**What is being asked:** The line containing "Lot de 5 paires" and every line after it to the end of the records: set those down exactly, without any pictures.
:: Listed entries ::
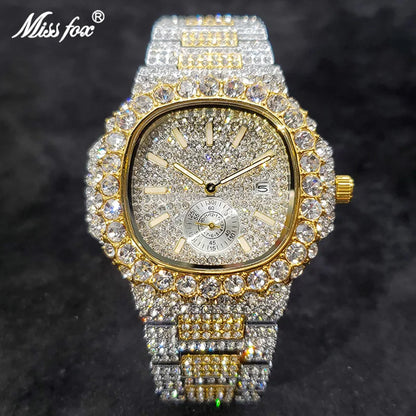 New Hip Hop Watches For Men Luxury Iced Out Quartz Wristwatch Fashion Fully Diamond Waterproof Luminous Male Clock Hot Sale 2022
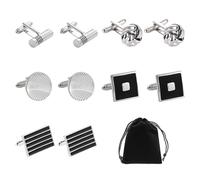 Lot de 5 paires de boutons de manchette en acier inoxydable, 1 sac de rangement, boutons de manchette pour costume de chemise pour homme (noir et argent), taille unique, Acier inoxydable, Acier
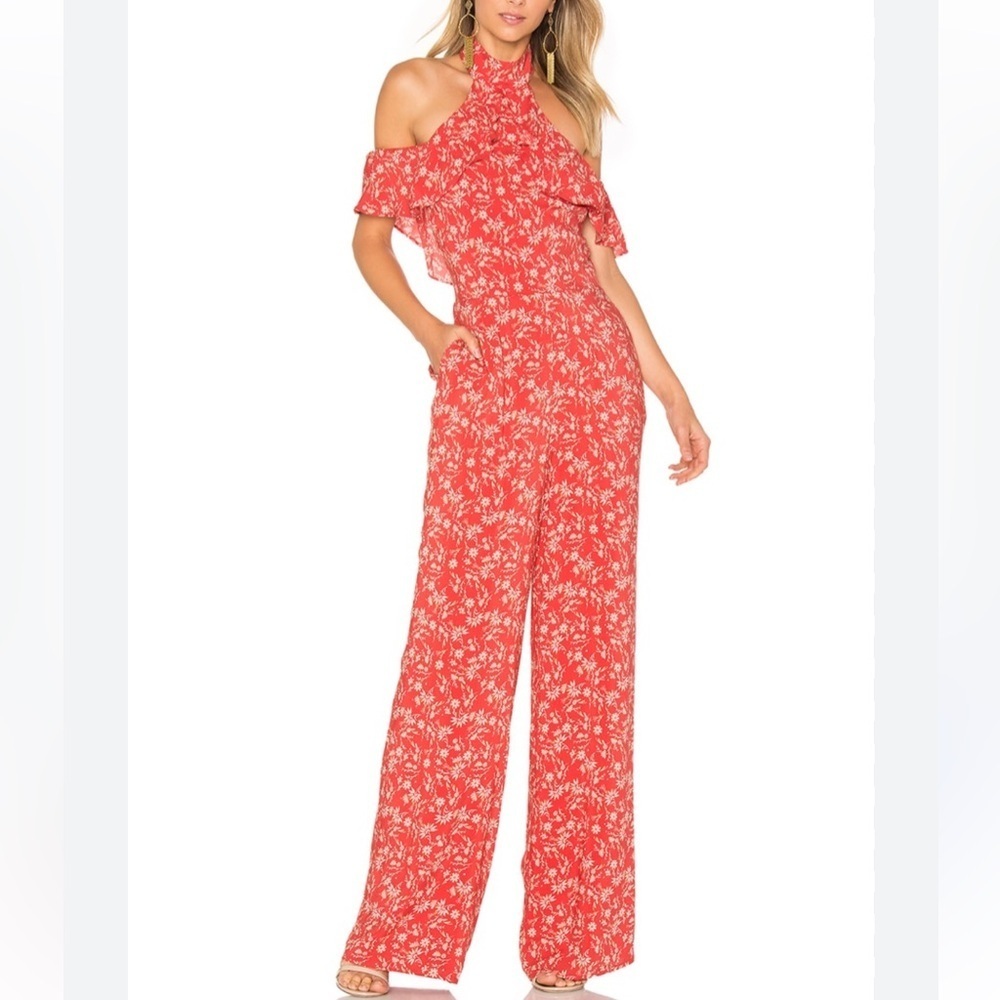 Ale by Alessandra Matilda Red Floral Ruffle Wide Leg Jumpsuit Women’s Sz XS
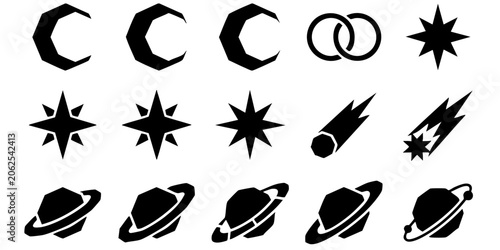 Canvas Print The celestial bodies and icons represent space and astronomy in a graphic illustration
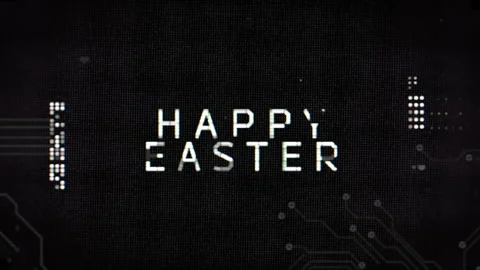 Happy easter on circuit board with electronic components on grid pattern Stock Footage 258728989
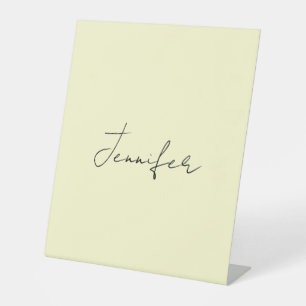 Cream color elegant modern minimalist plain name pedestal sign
:::
**Response area:**
 Lot de 5 paires de boutons de manchette en acier inoxydable, 1 sac de rangement, boutons de manchette pour costume de chemise pour homme (noir et argent), taille unique, Acier inoxydable, Acier
 Ale by Alessandra Matilda Red Floral Ruffle Wide Leg Jumpsuit Women’s Sz XS
 Canvas Print The celestial bodies and icons represent space and astronomy in a graphic illustration
 Happy easter on circuit board with electronic components on grid pattern Stock Footage 258728989
 Cream color elegant modern minimalist plain name pedestal sign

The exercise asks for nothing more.